If we had been good a few days in a row (which wasn’t very often) we would be allowed to get the eggs from the chicken coop. This was a mostly scary affair, as the hens were territorial and not unwilling to peck our small hands. Some, after laying an egg, would do a tour of the coup crowing loudly and proudly to the others. This was the opportune time to get in there as thieves, and walk away unharmed with our russet, robin’s blue, or golden boon. But more often, the smart and adaptive hens would sit on their eggs, clucking angrily when they saw us, greedy-handed children, and we had to be as gentle and invisible, to get under them and sneak out those beautiful eggs, still warm, truly fresh. 

They would get cracked in a pan of searing oil, so that the yolk stayed soft and runny, and the whites would form a crunchy crust, which I loved. We dipped bread in the yolk, bit, dipped into a steaming cup of chocolate, bit. Bliss for our small, sunburned bodies, our aching bellies, and sometimes aching arms and legs from all that running and playing and mischief. 

To this day, I can’t eat an egg without thinking of my grandparents, of their stern affection, of their generous feeding of so many of us. They cared for us when our mothers went back to work, their care a benevolence that allowed discovery, adventure, and a little trouble even. My grandfather would sometimes join our games, chase us playfully with a big stick, threatening to punish us for eating fistfuls of unripened grapes. I’ll cut off your head like a snake’s! he would say, and we would scatter laughing, pretending he was our dragon, descended from the mountain to eat us. 

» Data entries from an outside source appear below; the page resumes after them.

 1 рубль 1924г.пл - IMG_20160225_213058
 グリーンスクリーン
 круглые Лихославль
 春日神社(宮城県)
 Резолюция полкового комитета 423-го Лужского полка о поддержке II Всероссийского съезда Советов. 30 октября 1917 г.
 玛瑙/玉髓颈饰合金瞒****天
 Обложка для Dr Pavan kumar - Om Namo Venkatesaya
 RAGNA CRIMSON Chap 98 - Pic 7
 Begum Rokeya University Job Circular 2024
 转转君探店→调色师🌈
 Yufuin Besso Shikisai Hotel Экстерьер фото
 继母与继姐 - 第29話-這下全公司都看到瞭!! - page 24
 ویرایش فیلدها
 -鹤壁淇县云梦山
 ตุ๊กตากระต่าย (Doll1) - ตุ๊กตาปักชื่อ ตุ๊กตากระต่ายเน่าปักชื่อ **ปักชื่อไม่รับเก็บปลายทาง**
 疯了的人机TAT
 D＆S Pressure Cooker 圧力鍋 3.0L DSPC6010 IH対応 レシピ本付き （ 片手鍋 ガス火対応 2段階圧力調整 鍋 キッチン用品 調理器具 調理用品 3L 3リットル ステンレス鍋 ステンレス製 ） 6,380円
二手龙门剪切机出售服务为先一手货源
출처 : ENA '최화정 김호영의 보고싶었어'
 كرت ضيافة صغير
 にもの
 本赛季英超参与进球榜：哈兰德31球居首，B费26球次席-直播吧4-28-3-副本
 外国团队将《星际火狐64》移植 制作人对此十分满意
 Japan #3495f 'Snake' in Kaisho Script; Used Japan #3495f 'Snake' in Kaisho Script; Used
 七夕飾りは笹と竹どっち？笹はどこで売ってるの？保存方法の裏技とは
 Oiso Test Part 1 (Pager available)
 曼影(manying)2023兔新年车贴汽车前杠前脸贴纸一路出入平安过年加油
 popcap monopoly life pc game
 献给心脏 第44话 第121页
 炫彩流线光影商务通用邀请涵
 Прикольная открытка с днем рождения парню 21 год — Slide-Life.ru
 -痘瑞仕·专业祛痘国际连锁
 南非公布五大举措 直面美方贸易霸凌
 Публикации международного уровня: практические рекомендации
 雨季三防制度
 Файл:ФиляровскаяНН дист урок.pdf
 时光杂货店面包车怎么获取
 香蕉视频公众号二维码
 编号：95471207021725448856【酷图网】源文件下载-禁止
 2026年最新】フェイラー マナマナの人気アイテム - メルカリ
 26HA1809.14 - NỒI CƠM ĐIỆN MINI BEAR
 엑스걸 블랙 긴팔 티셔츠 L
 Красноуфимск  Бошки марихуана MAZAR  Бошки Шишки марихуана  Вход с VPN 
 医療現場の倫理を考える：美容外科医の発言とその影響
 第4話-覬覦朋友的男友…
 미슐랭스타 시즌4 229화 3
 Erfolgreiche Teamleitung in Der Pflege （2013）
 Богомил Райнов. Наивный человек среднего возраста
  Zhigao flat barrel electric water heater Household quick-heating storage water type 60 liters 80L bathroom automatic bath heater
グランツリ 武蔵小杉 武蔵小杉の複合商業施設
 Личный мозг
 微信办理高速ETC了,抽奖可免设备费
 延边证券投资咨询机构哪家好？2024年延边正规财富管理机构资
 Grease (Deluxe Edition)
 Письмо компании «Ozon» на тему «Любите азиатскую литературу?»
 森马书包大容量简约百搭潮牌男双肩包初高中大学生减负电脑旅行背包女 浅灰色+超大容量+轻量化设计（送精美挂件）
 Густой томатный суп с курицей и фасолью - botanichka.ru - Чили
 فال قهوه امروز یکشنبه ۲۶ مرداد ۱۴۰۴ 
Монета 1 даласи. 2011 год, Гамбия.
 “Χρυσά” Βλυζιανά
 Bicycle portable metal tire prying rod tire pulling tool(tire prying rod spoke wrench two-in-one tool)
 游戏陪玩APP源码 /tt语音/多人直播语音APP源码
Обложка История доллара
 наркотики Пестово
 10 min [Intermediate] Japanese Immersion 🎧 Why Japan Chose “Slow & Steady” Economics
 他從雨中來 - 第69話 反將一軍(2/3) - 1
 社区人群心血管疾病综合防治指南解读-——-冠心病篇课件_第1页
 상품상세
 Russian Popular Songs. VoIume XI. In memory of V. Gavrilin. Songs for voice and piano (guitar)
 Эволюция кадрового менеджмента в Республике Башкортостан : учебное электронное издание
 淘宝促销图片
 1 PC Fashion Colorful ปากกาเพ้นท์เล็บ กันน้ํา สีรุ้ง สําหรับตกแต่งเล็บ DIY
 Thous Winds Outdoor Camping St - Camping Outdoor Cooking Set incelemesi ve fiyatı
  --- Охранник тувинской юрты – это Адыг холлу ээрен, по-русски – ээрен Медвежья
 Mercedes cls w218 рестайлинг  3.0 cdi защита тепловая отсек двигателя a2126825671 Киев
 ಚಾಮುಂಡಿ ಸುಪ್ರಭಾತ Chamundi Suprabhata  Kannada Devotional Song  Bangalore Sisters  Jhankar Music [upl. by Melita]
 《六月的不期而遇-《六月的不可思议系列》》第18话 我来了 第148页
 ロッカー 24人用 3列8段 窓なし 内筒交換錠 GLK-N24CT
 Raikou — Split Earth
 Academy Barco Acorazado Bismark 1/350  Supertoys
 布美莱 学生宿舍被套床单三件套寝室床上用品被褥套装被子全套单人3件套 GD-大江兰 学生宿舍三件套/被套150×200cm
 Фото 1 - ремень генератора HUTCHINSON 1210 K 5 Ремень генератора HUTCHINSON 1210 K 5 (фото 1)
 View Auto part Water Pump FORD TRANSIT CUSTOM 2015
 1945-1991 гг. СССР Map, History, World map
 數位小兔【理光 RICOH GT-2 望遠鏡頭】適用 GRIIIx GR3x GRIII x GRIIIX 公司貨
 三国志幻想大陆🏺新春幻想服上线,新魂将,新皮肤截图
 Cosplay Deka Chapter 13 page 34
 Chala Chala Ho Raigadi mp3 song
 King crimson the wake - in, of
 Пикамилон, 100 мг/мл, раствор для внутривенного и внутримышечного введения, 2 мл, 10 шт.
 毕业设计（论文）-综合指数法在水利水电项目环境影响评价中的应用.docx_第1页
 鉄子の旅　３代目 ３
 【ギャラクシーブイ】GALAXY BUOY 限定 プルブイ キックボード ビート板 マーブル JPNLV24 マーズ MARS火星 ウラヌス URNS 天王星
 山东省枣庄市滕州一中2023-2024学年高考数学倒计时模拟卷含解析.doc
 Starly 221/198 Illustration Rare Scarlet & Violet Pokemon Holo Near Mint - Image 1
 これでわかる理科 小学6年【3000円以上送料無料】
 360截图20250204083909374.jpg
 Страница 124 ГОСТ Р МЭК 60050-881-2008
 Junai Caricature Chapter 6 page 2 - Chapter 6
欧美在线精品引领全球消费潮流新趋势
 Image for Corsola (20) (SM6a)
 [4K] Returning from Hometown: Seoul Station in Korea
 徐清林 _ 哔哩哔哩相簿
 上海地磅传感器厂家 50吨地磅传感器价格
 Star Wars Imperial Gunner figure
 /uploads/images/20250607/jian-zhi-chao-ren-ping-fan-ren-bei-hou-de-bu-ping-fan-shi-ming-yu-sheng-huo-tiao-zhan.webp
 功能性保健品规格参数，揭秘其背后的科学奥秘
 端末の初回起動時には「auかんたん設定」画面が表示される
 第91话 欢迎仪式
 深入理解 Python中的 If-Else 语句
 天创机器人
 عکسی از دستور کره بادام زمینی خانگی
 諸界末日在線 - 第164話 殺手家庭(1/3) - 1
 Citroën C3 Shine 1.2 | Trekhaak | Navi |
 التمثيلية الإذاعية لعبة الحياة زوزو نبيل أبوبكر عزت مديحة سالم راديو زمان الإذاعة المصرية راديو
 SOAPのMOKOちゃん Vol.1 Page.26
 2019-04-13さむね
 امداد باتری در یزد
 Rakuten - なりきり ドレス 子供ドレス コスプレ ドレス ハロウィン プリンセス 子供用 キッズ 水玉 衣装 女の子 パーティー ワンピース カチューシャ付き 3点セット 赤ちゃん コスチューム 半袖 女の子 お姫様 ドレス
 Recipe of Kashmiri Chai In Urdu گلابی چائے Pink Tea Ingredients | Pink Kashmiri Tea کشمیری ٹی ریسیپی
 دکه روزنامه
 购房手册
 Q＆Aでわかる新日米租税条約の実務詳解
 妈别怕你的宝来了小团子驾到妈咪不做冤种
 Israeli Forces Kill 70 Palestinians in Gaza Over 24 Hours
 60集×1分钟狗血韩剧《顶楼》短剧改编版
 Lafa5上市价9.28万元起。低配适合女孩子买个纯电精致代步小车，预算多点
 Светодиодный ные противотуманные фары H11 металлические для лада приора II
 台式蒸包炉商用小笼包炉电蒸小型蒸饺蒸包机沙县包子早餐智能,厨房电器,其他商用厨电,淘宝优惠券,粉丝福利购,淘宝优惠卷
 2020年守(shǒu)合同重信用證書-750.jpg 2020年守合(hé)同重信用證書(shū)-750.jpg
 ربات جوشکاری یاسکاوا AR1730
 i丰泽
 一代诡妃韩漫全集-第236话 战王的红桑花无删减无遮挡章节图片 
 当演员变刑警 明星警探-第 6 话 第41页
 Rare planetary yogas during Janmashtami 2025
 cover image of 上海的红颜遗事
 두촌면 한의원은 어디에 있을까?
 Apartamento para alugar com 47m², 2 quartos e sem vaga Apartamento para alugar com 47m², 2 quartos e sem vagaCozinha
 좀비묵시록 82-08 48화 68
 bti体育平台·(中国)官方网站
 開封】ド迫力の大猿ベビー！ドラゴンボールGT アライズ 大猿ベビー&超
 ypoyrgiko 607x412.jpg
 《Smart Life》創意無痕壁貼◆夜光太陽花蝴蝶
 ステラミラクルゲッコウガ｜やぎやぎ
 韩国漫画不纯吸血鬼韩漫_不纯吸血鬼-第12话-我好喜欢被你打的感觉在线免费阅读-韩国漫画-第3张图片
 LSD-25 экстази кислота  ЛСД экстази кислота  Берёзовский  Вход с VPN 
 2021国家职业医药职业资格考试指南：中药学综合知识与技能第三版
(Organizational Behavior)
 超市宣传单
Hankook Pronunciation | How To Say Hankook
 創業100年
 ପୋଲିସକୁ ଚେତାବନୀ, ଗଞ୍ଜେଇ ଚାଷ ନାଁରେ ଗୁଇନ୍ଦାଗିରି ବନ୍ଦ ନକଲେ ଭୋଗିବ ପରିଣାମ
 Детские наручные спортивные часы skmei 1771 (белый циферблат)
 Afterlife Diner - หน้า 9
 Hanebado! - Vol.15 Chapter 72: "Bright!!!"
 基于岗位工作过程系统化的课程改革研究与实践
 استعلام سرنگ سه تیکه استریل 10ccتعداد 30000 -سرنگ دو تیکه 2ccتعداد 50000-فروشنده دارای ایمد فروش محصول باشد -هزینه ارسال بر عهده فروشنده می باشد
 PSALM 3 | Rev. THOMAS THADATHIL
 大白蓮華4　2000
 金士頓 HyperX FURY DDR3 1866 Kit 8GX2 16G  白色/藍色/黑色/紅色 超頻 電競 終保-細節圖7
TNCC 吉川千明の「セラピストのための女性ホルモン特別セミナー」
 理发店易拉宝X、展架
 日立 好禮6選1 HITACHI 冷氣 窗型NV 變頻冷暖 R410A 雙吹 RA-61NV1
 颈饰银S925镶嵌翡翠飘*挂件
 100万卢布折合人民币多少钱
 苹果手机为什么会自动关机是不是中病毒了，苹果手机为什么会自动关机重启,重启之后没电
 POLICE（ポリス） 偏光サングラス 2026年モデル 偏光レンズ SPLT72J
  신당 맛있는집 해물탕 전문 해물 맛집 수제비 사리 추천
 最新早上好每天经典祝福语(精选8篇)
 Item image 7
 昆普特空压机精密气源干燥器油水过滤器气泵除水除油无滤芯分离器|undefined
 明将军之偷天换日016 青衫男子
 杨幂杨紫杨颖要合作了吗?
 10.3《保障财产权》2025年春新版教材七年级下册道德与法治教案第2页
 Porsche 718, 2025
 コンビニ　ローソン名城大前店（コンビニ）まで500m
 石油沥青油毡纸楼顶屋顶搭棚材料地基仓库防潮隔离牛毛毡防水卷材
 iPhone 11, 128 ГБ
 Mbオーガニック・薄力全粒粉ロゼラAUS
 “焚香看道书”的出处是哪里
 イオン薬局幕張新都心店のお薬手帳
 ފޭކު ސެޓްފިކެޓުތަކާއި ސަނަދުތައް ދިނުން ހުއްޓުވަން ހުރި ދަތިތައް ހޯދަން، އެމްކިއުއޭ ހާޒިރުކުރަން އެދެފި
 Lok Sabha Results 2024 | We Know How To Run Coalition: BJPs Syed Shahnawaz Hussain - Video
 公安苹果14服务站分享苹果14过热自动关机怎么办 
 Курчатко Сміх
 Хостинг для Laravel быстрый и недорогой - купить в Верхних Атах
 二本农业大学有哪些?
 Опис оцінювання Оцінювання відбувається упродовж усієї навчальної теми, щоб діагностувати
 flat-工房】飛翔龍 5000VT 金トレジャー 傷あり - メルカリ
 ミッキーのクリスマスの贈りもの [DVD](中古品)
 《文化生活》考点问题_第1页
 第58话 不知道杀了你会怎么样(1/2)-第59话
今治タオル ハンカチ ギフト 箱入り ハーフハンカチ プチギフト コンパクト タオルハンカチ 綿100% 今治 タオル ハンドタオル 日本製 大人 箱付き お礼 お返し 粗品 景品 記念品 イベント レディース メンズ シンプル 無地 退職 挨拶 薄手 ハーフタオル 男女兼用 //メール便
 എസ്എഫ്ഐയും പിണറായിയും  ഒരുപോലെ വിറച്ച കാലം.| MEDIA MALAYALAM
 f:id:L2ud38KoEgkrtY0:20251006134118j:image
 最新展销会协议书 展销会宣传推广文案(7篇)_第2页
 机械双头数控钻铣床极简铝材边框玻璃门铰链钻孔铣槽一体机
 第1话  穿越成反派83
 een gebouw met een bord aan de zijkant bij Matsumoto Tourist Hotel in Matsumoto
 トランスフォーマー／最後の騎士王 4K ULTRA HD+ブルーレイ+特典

I feel such happiness even now thinking of that time, though my grandparents have passed, and missing them has lost some of its ache, though none of its joy. I am in my kitchen cracking eggs into ramekins en cocotte, nestling them upon sliced onions, and fragrant basil leaves. I bake them long enough for the whites to set, but for the yolk to still be soft. We eat them with toast and tomatoes and Brebis sheep’s cheese. I tell my husband these stories, and for a moment we are both there, at that table set outside under the walnut trees, with my grandmother slicing tomatoes at dusk, and we lazily shoo the flies away from all that juice that stains our lips, and fingers, and clothes. 

The recipe was inspired by this one from Food52, with adjustments, such as basil instead of arugula, and a splash of milk in each ramekin for added airiness. This dish must be eaten with toast, tomatoes, and salty feta.